Anyway, onto the meat of my post.
I advocate that we should get away from the terms Visual novel and Kinetic novel, particularly when talking to people outside the community. For instance:
- If I tell someone I made a visual novel, it's not a stretch to think they'd interpret that as a "graphic novel", or a "novel with pictures", which is not what it is at all.
- If I tell someone I made a kinetic novel, most people don't even really have a strong grasp of what "kinetic" really means, especially not within the context of a text based story. Plus the term kinetic really doesn't make that much sense either. Kinetic pertains to motion. That doesn't preclude a visual novel from having a "kinetic" nature.
What we call Kinetic Novel, I want to call "Stage Novel". The idea is akin to watching a live theatre performance "on-stage". You as the audience mostly don't have any input as to how the story progresses, but there are "actors" on-screen, and dialogue/narration spoken amongst them. They are "performing" in front of you.
What we call Visual Novel (in the interactive, choice based sense... good grief), I want to call "Touch Novel". This is for two reasons:
- In working on EVEN, I am ambitiously trying to bring visual novels to all modern touch based devices (smartphones and tablets), as such I think it best to coin a new, clean term that best expresses this kind of genre for the modern apps age.
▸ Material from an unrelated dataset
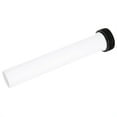 thumbnail image 2 of Dioche White Color Flush Pipe, Installation Simple Convenient PP Material Toilet Parts, For Bathroom Drain Toilet, 2 of 8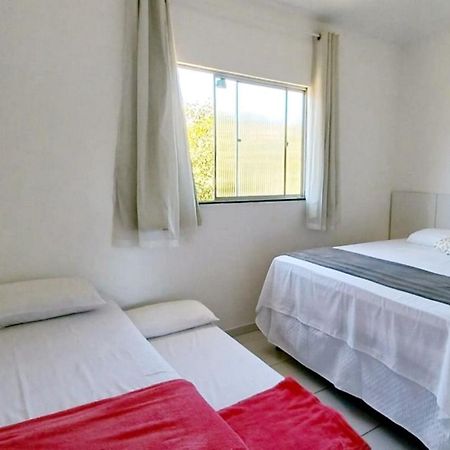 Casa Por do Sol 4 quartos piscina e área gourmet Porto Seguro Esterno foto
- The idea of "touch" involves a primitive, hands-on "interaction". In Stage Novel, you're watching. In a novel, you're reading. In an audio novel, you're listening. A "touch novel" thus implies it's something you're touching, thus interacting with it. It also replicates the idea of tapping on the "choices" mechanism most branched visual novels employ.
EDIT: Got so carried away by the OT-ness that I forgot to answer OP. I think Asceai hit in on the head with this first response. You should be aiming for good visuals just because you want to make your work good, not because you want to attract a different audience. Visuals do go a long way with marketability no matter the genre or subgenre though.